Jeff Bezos est dans une approche plus prag­ma­tique, beau­coup plus dis­crète que Musk. Il a com­men­cé par le domaine subor­bi­tal, pour lequel il est le plus avan­cé, et déve­loppe actuel­le­ment des lan­ceurs orbi­taux réuti­li­sables New Glenn qui riva­li­se­ront cer­tai­ne­ment avec ceux de Spa­ceX dès le début de la pro­chaine décennie. 

Il vise aus­si Mars dans l’étape sui­vante. Il faut avouer que Musk et Bezos ont réveillé le domaine : leurs pro­jets sus­citent beau­coup d’enthousiasme chez les jeunes, et éveillent des voca­tions. C’est très bien. Mais il faut être conscient que cela ne va pas aller aus­si vite qu’ils l’annoncent : à mon avis, il faut bien rajou­ter dix ans à leurs annonces, avec un pre­mier sur­vol habi­té de Mars (sans s’y poser) au mieux des années 2030, et peut-être se poser sur Mars dans les années 2040. 

Que t’a apporté l’X dans ta vocation d’astronaute ?
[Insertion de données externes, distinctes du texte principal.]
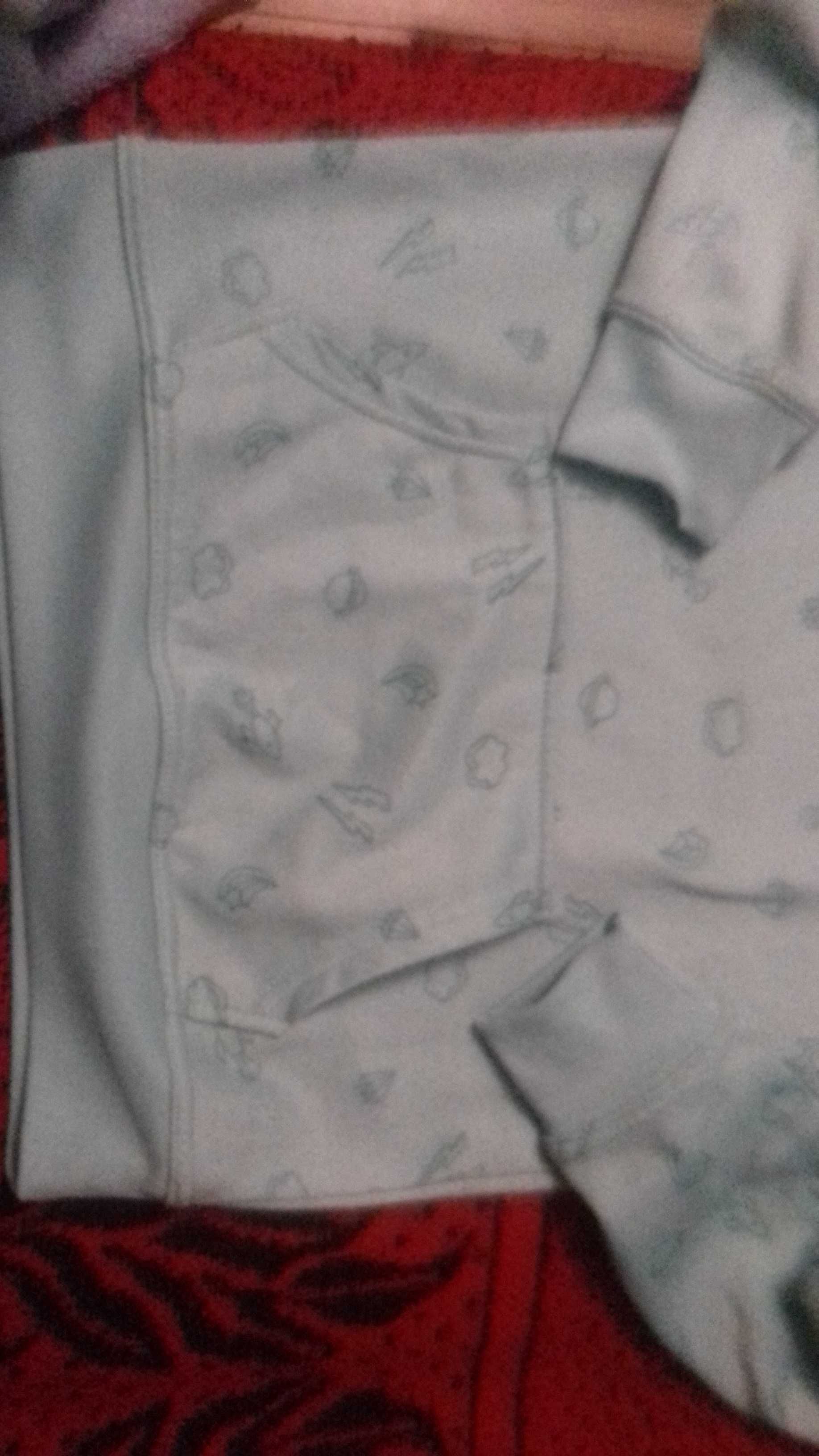 Damska  bluza z kapturem do spodni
D’abord, j’observe à l’X beau­coup d’intérêt pour l’Espace, avec la créa­tion du binet Astro­nau­tiX et l’influence très posi­tive d’experts comme Gérard Auvray (ex-Thales). Il a su com­mu­ni­quer sa pas­sion et son savoir aux élèves, et les a aidés à boos­ter leur club spa­tial, jusqu’à en faire aujourd’hui un centre spa­tial étu­diant capable de mettre sur orbite un satel­lite X‑CubeSat (cf. article « Le Centre spa­tial étu­diant : une aven­ture poly­tech­ni­cienne » dans la J & R n° 727). 

Ce que l’X m’a appor­té ? D’abord, elle m’a per­mis de me démon­trer à moi-même que j’étais capable de com­prendre beau­coup de choses très poin­tues si j’en pre­nais vrai­ment la peine ! Ensuite, le sens de l’engagement (que j’avais déjà com­men­cé à déve­lop­per pen­dant ma pré­pa au pry­ta­née de La Flèche) ; et sur­tout le plai­sir d’apprendre dans toutes les dis­ci­plines au niveau scien­ti­fique le plus éle­vé… sans oublier une dose mas­sive de sport, ce qui n’est pas banal dans une grande école, et qui m’a bien ser­vi pour ma car­rière d’astronaute.